Instructions for the task — Where the records below reach the line containing "Scottish Fold cats", start transcribing, and end with the line containing "Những bệnh thường gặp của tuyến giáp", exactly and with nothing else added.

Data for review —
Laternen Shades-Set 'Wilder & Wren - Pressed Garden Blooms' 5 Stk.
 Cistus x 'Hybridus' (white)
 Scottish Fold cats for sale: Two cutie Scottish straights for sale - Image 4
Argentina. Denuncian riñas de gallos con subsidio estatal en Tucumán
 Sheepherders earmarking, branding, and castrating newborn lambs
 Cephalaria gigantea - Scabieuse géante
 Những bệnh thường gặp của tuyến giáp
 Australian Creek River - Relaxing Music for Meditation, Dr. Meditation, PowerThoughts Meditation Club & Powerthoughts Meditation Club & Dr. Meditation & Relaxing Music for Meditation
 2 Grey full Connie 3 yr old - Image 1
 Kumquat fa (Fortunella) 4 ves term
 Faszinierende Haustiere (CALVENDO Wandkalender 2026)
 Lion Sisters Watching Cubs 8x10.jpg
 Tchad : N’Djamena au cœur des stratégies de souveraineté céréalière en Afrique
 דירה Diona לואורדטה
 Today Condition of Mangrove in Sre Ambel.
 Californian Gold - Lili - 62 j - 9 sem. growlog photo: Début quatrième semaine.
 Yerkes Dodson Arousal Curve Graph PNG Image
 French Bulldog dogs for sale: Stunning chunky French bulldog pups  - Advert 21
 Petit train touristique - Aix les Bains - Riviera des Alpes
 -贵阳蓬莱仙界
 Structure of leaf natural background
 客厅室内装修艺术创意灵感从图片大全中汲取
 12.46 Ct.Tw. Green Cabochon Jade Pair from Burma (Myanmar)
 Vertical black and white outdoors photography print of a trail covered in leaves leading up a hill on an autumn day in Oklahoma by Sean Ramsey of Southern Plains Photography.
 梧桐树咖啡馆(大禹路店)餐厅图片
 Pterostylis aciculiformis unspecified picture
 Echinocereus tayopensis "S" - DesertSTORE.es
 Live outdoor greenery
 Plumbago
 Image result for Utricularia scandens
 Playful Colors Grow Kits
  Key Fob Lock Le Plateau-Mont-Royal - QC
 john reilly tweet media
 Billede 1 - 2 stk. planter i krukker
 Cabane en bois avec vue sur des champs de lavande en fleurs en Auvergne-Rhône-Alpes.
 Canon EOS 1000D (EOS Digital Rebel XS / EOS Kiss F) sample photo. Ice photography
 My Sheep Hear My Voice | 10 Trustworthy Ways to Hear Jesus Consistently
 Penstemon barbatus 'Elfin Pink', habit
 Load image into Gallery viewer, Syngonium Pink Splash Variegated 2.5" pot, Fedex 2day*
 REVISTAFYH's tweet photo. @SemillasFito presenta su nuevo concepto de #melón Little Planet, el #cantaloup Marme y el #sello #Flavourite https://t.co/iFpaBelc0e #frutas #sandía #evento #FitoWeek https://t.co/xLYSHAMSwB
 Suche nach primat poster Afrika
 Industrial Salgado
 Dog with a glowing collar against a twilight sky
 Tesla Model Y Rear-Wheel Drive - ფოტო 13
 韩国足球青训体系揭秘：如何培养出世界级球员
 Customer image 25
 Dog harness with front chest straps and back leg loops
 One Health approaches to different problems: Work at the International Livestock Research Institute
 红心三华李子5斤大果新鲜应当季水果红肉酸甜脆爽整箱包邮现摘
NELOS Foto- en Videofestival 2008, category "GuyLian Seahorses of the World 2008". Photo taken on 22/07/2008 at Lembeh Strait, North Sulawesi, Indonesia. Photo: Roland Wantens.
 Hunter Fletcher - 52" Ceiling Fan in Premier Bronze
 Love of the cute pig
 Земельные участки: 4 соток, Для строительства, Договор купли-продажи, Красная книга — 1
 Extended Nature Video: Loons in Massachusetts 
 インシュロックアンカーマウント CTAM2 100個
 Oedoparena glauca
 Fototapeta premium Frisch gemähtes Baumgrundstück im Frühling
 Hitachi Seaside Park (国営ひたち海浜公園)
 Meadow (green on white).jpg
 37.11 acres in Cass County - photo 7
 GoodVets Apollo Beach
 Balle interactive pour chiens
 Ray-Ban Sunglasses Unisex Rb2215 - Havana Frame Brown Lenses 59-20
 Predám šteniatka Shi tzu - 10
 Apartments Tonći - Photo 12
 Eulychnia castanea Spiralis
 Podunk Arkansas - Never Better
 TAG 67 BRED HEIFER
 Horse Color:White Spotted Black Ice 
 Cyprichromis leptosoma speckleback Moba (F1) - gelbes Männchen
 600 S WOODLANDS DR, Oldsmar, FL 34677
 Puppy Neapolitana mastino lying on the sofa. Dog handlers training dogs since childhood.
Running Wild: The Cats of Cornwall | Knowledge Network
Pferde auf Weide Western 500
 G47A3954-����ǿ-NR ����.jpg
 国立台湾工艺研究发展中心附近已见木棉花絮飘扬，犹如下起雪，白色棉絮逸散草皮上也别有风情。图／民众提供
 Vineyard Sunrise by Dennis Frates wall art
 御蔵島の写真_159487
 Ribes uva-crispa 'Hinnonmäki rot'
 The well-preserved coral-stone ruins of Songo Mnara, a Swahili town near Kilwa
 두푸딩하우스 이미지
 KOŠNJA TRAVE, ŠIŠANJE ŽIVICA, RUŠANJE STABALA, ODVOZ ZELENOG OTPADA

The answer —
 Scottish Fold cats for sale: Two cutie Scottish straights for sale - Image 4
Argentina. Denuncian riñas de gallos con subsidio estatal en Tucumán
 Sheepherders earmarking, branding, and castrating newborn lambs
 Cephalaria gigantea - Scabieuse géante
 Những bệnh thường gặp của tuyến giáp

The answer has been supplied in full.